Mid-State Bancshares
1026 East Grand Avenue
Arroyo Grande, California 93420

[September 8, 2003]

Ladies and Gentlemen:

        We have acted as tax advisors to Mid-State Bancshares ("Mid-State") in connection with the Agreement to Merge and Plan of Reorganization dated June 30, 2003 ("Merger Agreement") as set forth in the Form S-4 filed with the Securities and Exchange Commission dated September 8, 2003 ("S-4").

        The Merger Agreement provides, among other things, that Ojai Valley Bank ("Ojai") will merge with and into Mid-State Bank & Trust ("MSBT") under California law with MSBT being the surviving corporation; the shareholders of Ojai will be able to elect to receive either Mid-State common stock, cash, or a combination of Mid-State common stock and cash preceding the Effective Time of the transaction and pro-rated, if necessary so that 50 percent of the total consideration provided in the Merger will be in the form of Mid-State common stock and the other 50 percent in the form of cash. All capitalized terms, unless otherwise defined, have the meanings assigned to them in the Merger Agreement.

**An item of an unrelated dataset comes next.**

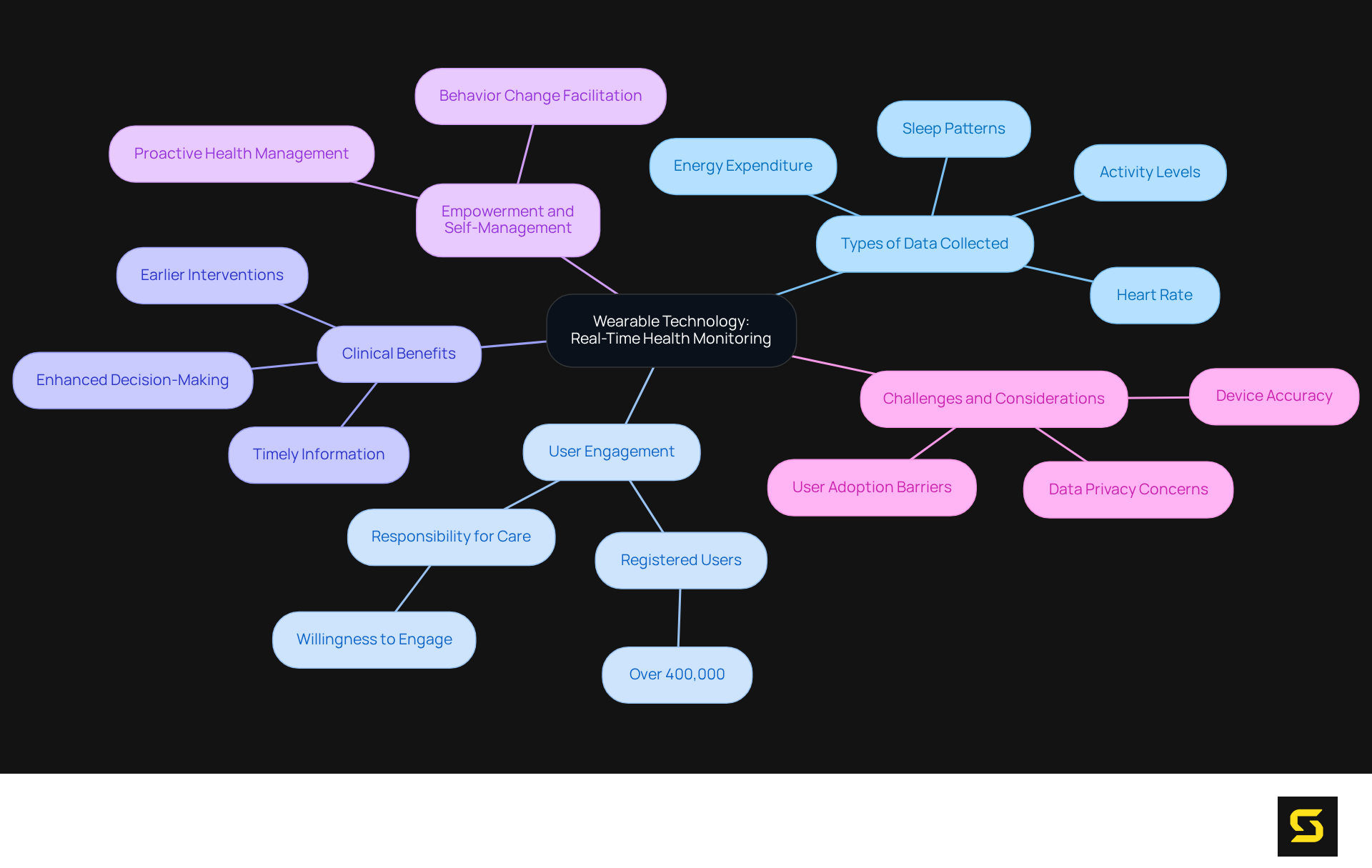The central node represents wearable technology, with branches showing important aspects like data collection types, user engagement statistics, and benefits to healthcare professionals. Each color-coded branch helps you see how these elements connect to the overarching theme.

        For purposes of the opinion set forth below, we have reviewed and relied upon (i) the Merger Agreement, (ii) the Form 8-K filed by Mid-State with the Securities and Exchange Commission dated June 30, 2003, (iii) the Draft Form S-4 dated August 26, 2003, and (iv) such other documents, records, and instruments as we have deemed necessary or appropriate in order to enable us to render our opinion. In rendering our opinion, we have assumed the absence of material changes in facts or law between the date hereof and the time of the transaction described herein ("Effective Time"). In addition, in rendering our opinion we have relied upon certain written statements and representations made to us by the managements of Mid-State and Ojai dated the date hereof, and we have assumed that such statements and representations will be complete and accurate as of the Effective Time. In addition, we have relied upon certain statements, representations and covenants contained in the Merger Agreement, which we have neither investigated nor verified, including the validity of the corporations involved in the Merger and the obligations of the parties to the Merger Agreement to make all required filings with government agencies. We have assumed that all such statements and representations are true, correct complete, and not breached, and that no actions that are inconsistent with such statements and representations will be taken.

        In addition, we have assumed that (i) the Merger will be consummated in accordance with the Merger Agreement (including satisfaction or waiver at or prior to the Effective Time); (ii) Mid-State, MSBT, and Ojai each will comply with all reporting obligations with respect to the Reorganization required under the Internal Revenue Code of 1986, as amended (the "Code"), and the Treasury regulations promulgated thereunder (the "Regulations"); (iii) the Merger Agreement and all other documents and instruments referred to therein are valid and binding in accordance with their terms; and (iv) the Merger shall be completed promptly. Any inaccuracy in, or breach of, any of the aforementioned statements, representations, and assumptions, could adversely affect our opinion. No ruling has been (or will be) sought from the Internal Revenue Service (the "IRS") by Mid-State, MSBT, or Ojai as to the United States federal income tax consequences of any aspect of the Merger. The opinion expressed herein is not binding on the IRS or any court, and there can be no assurance that the IRS or a court of competent jurisdiction will not disagree with such opinion.

        In rendering our opinion, we have considered applicable provisions of the Code, the Regulations, pertinent judicial authorities, rulings of the IRS and such other authorities as we considered relevant. It should be noted that such laws, Code, Regulations, judicial decisions and administrative interpretations



are subject to change at any time and, in some circumstances, with retroactive effect. A material change in any of the authorities upon which our opinion is based could adversely affect our opinion.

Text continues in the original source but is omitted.